> **DATASET EXCERPTS**
-=-=-=-=-

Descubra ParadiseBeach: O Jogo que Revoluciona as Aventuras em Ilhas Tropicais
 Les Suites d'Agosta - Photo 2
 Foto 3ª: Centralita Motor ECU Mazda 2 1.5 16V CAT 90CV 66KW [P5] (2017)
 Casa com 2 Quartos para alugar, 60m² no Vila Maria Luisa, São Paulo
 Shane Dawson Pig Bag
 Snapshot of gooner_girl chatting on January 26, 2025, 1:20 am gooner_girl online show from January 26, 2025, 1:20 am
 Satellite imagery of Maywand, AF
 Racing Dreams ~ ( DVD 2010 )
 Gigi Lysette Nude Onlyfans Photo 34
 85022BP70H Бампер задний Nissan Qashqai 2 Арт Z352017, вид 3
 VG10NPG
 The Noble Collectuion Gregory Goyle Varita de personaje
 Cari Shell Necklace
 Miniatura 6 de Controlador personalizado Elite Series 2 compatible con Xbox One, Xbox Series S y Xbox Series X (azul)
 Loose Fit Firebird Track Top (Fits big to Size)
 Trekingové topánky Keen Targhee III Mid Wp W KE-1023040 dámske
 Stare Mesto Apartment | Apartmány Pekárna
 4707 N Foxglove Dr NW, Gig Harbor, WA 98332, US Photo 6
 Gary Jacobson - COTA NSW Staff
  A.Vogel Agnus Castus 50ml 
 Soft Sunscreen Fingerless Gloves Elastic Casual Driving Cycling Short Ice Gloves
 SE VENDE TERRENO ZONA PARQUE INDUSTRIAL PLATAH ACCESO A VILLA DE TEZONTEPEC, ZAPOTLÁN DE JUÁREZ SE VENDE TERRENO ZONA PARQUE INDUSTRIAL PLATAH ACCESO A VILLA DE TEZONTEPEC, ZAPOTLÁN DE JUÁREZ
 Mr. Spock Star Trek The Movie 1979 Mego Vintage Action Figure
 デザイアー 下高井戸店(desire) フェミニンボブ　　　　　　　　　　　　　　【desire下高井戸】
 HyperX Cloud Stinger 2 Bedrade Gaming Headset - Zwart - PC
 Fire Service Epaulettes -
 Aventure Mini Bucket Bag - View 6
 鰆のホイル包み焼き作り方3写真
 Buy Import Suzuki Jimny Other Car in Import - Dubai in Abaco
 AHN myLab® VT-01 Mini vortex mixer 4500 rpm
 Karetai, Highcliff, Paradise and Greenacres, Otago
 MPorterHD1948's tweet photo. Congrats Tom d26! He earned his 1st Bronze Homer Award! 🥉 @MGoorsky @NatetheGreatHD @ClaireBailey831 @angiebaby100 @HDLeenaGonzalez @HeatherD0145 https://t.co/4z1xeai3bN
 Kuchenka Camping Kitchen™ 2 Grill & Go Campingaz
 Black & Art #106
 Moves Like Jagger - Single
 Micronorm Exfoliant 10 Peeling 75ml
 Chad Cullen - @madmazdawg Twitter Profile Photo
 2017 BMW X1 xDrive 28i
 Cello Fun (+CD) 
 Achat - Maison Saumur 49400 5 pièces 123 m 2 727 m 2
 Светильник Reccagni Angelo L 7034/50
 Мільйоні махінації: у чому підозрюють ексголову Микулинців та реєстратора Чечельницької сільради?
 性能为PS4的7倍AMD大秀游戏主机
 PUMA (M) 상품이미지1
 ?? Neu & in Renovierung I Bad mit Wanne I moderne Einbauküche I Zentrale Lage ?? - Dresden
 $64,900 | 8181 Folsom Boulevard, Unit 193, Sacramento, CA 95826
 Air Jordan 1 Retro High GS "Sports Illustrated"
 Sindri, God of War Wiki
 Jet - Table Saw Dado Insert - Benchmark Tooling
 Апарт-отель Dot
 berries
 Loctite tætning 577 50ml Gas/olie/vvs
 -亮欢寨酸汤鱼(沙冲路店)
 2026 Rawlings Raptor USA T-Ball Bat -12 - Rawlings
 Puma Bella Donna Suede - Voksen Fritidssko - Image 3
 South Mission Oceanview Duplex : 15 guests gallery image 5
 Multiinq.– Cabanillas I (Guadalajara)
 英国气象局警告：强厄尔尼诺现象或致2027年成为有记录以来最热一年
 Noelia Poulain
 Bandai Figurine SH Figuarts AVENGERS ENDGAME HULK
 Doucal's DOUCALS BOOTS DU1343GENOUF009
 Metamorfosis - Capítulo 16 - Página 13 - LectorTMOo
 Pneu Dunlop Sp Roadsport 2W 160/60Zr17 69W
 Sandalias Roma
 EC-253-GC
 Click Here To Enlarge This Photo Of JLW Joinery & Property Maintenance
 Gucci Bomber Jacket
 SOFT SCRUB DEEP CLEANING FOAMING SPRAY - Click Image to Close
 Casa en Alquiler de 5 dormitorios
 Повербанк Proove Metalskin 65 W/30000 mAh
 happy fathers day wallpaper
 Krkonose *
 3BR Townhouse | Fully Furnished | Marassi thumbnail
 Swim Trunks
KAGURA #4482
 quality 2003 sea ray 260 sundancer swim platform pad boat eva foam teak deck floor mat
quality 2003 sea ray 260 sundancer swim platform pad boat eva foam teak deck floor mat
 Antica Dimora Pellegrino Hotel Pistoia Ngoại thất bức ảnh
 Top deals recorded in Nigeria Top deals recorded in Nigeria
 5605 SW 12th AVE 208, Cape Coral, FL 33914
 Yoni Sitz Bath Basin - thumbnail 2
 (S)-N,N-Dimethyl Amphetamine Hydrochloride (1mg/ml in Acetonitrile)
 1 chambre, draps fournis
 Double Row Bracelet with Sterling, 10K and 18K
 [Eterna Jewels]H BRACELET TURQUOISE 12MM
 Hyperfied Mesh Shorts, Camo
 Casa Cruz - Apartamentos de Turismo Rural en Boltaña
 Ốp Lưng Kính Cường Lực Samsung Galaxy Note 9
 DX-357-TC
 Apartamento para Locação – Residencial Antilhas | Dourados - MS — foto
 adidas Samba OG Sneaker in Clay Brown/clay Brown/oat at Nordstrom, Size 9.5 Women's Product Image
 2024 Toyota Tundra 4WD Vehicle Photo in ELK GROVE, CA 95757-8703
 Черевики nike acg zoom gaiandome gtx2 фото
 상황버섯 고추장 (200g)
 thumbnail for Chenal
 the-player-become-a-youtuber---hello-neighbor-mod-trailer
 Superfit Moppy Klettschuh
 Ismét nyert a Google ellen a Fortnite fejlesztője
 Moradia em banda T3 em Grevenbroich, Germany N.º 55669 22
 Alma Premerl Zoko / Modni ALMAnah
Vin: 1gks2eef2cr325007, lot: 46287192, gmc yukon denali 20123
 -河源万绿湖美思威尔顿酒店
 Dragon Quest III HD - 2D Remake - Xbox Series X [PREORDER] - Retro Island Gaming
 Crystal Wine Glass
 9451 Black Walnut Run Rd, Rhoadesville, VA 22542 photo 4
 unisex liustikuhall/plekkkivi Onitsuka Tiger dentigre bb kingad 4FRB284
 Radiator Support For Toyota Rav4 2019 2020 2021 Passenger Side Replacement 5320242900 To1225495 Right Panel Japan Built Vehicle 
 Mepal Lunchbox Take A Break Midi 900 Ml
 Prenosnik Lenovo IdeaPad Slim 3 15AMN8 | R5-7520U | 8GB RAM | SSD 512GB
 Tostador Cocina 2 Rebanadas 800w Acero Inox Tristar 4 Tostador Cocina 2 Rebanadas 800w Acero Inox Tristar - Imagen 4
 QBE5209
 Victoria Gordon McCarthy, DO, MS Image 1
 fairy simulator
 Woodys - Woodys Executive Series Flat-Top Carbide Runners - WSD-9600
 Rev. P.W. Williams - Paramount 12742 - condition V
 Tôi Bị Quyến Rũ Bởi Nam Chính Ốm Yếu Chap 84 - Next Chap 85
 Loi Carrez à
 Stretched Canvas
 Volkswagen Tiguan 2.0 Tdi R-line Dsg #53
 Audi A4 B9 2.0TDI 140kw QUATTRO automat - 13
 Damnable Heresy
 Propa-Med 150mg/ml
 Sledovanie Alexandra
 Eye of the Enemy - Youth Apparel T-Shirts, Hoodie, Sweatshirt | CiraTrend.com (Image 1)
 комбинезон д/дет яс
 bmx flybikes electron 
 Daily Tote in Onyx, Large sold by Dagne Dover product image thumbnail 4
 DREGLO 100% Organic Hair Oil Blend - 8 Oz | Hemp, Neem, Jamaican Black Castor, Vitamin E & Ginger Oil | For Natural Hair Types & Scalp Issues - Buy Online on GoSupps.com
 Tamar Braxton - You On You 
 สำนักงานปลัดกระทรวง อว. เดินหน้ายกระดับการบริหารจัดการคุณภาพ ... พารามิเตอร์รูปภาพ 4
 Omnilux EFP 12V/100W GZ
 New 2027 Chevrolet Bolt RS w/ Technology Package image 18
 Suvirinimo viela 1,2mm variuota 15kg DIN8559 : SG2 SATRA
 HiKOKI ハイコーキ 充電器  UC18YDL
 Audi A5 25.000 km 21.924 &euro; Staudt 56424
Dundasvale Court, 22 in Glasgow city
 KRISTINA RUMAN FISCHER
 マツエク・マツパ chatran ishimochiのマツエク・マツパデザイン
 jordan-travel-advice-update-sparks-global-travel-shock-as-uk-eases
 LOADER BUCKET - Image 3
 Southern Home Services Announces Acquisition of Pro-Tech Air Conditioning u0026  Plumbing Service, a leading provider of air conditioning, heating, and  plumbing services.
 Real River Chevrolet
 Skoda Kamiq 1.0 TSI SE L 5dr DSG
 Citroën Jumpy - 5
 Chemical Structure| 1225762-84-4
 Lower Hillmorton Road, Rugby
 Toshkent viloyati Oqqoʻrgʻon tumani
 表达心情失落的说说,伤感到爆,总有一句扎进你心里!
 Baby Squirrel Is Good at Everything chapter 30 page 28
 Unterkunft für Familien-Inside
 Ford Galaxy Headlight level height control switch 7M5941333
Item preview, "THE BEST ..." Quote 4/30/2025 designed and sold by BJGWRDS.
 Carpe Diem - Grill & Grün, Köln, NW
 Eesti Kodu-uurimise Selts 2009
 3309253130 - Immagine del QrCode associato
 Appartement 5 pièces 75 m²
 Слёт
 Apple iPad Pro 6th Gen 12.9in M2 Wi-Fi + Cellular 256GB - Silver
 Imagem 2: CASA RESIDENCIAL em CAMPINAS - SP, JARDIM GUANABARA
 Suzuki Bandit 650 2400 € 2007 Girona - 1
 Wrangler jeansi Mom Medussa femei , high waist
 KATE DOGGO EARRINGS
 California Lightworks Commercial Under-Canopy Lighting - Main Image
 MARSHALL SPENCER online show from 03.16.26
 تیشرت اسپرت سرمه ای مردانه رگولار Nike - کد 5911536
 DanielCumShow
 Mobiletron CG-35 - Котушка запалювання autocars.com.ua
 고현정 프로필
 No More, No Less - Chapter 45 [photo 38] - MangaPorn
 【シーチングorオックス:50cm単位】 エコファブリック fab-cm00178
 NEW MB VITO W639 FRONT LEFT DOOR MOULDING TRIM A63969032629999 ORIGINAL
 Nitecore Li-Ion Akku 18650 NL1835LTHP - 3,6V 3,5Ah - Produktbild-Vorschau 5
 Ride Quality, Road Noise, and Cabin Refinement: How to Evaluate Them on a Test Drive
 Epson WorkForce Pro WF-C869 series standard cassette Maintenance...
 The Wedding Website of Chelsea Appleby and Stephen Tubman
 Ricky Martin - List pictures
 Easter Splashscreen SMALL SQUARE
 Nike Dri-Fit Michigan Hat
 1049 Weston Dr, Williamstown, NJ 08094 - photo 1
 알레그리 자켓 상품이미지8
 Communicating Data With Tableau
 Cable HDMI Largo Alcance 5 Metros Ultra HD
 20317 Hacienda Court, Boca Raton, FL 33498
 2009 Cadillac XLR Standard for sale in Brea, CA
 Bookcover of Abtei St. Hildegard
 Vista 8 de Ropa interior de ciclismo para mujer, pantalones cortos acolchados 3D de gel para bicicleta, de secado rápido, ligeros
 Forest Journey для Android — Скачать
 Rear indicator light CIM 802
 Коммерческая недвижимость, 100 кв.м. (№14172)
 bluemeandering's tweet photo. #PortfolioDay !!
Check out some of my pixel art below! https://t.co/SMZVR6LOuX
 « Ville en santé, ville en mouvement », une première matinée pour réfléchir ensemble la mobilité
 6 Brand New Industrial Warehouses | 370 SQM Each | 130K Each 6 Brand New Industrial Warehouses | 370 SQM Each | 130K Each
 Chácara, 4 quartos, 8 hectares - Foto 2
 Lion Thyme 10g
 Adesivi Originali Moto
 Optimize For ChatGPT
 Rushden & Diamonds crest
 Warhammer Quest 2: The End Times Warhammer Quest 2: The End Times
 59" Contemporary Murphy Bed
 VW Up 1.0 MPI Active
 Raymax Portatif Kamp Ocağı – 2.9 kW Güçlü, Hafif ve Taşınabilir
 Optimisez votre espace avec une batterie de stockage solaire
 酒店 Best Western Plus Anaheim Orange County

-=-=-=-=-

> **DESCRIPTION OF THE TASK**
Given the records above, return exactly the lines starting at the line containing "Real River Chevrolet" and ending at the line containing "Vista 8 de Ropa", including both.

> **SOLUTION**
 Real River Chevrolet
 Skoda Kamiq 1.0 TSI SE L 5dr DSG
 Citroën Jumpy - 5
 Chemical Structure| 1225762-84-4
 Lower Hillmorton Road, Rugby
 Toshkent viloyati Oqqoʻrgʻon tumani
 表达心情失落的说说,伤感到爆,总有一句扎进你心里!
 Baby Squirrel Is Good at Everything chapter 30 page 28
 Unterkunft für Familien-Inside
 Ford Galaxy Headlight level height control switch 7M5941333
Item preview, "THE BEST ..." Quote 4/30/2025 designed and sold by BJGWRDS.
 Carpe Diem - Grill & Grün, Köln, NW
 Eesti Kodu-uurimise Selts 2009
 3309253130 - Immagine del QrCode associato
 Appartement 5 pièces 75 m²
 Слёт
 Apple iPad Pro 6th Gen 12.9in M2 Wi-Fi + Cellular 256GB - Silver
 Imagem 2: CASA RESIDENCIAL em CAMPINAS - SP, JARDIM GUANABARA
 Suzuki Bandit 650 2400 € 2007 Girona - 1
 Wrangler jeansi Mom Medussa femei , high waist
 KATE DOGGO EARRINGS
 California Lightworks Commercial Under-Canopy Lighting - Main Image
 MARSHALL SPENCER online show from 03.16.26
 تیشرت اسپرت سرمه ای مردانه رگولار Nike - کد 5911536
 DanielCumShow
 Mobiletron CG-35 - Котушка запалювання autocars.com.ua
 고현정 프로필
 No More, No Less - Chapter 45 [photo 38] - MangaPorn
 【シーチングorオックス:50cm単位】 エコファブリック fab-cm00178
 NEW MB VITO W639 FRONT LEFT DOOR MOULDING TRIM A63969032629999 ORIGINAL
 Nitecore Li-Ion Akku 18650 NL1835LTHP - 3,6V 3,5Ah - Produktbild-Vorschau 5
 Ride Quality, Road Noise, and Cabin Refinement: How to Evaluate Them on a Test Drive
 Epson WorkForce Pro WF-C869 series standard cassette Maintenance...
 The Wedding Website of Chelsea Appleby and Stephen Tubman
 Ricky Martin - List pictures
 Easter Splashscreen SMALL SQUARE
 Nike Dri-Fit Michigan Hat
 1049 Weston Dr, Williamstown, NJ 08094 - photo 1
 알레그리 자켓 상품이미지8
 Communicating Data With Tableau
 Cable HDMI Largo Alcance 5 Metros Ultra HD
 20317 Hacienda Court, Boca Raton, FL 33498
 2009 Cadillac XLR Standard for sale in Brea, CA
 Bookcover of Abtei St. Hildegard
 Vista 8 de Ropa interior de ciclismo para mujer, pantalones cortos acolchados 3D de gel para bicicleta, de secado rápido, ligeros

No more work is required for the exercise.